Electrical stimulation of perivascular nerves (20 Hz/2 ms/20 V) in perfused rat liver led to a transient increase of ¹⁴CO₂ production from [1‐¹⁴C]glutamate, glutathione and thiol efflux, an increase in the lactate/pyruvate and the 3‐hydroxybutyrate/acetoacetate ratio, glucose release and of portal pressure.

These metabolic effects were accompanied by a Ca²⁺ release from the liver within the initial 2 min, being followed by Ca²⁺ reuptake, which lasted about 3 min. The initial Ca²⁺ release was 67 nmol/g liver and was smaller than that observed after phenylephrine (5 μM) addition (156 nmol/g liver). Hepatic Ca²⁺ release following nerve stimulation or phenylephrine was not significantly affected when the hemodynamic changes were largely prevented by sodium nitroprusside (10 μM). Although the amounts of Ca²⁺ released were different, the glycogenolytic responses, but not the other metabolic effects, were quantitatively similar with nerve stimulation and phenylephrine.
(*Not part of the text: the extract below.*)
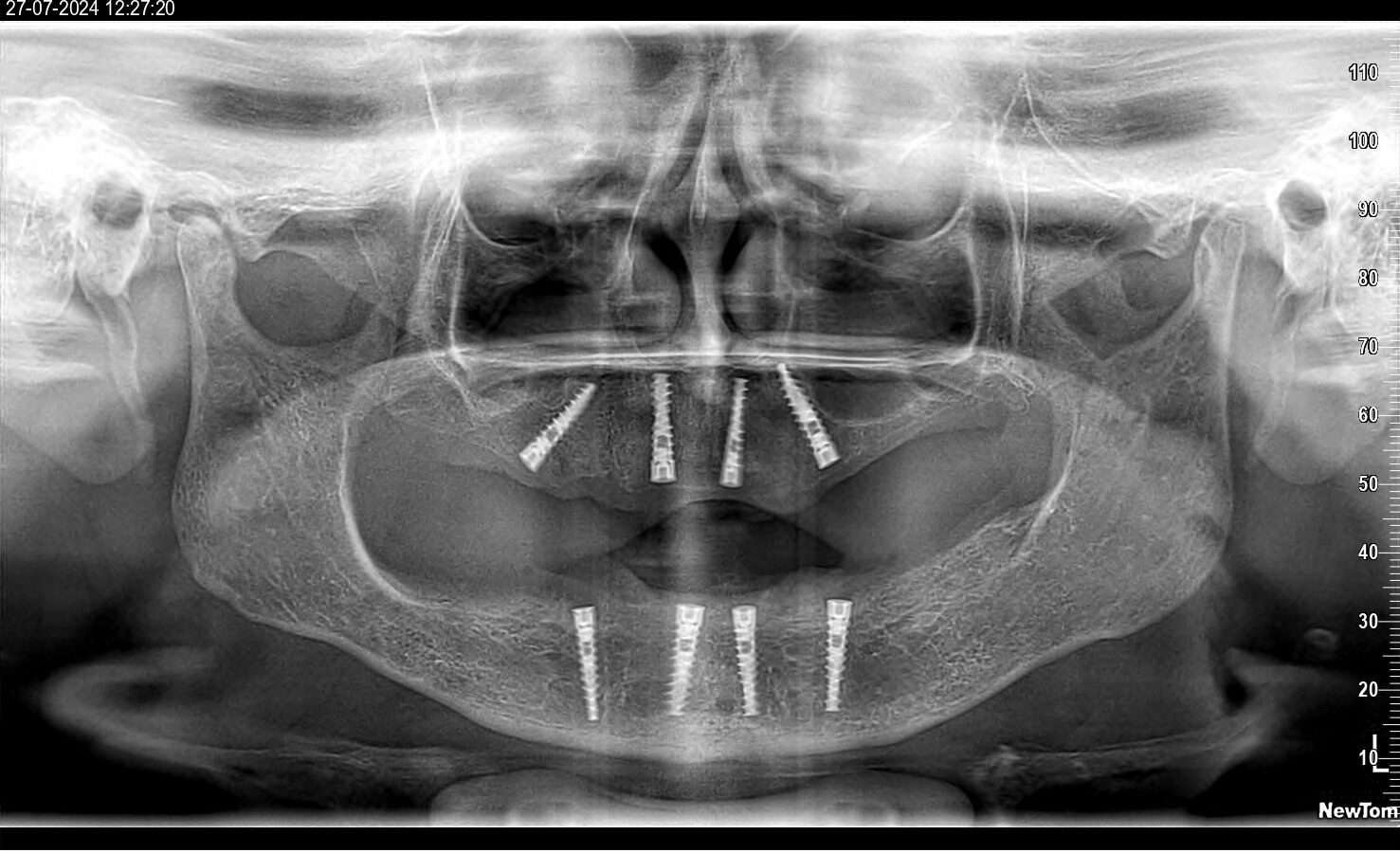 Panoramic dental X-ray showing multiple dental implants in the lower jaw and surrounding bone structures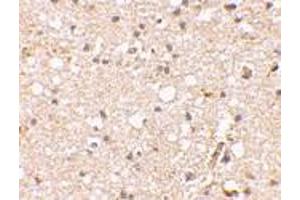 Immunohistochemical staining of human brain tissue using AP30381PU-N Grik1 antibody at 2. (GRIK1 antibody  (Center))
Within the first 3 min of nerve stimulation there was a K⁺ uptake by the liver being followed by a K⁺ release over the next 5–6 min and a subsequent slow K⁺ uptake phase. These changes resembled those observed with phenylephrine. Phentolamine, an α‐adrenergic antagonist, abolished the Ca²⁺ and K⁺ movements following nerve stimulation as well as glucose release and the hemodynamic changes. During continuous infusion of phenylephrine, nerve stimulation led still to an increase of portal pressure; however, the effects of nerve stimulation on Ca²⁺ and K⁺ fluxes and glucose release were largely suppressed.

It is concluded that the metabolic effects of electrical nerve stimulation are mediated by a redistribution of cellular Ca²⁺ following α‐receptor activation. Nerve stimulation involves Ca²⁺ and K⁺ fluxes across the plasma membrane. The metabolic effects are qualitatively similar to those induced by phenylephrine. The quantitative difference between nerve stimulation and phenylephrine is explained by a differential subacinar response, with fewer cells being reached by nerve stimulation than cells containing α‐receptors. The hemodynamic changes of nerve stimulation point to the existence of sphincters near the inflow of the sinusoidal bed.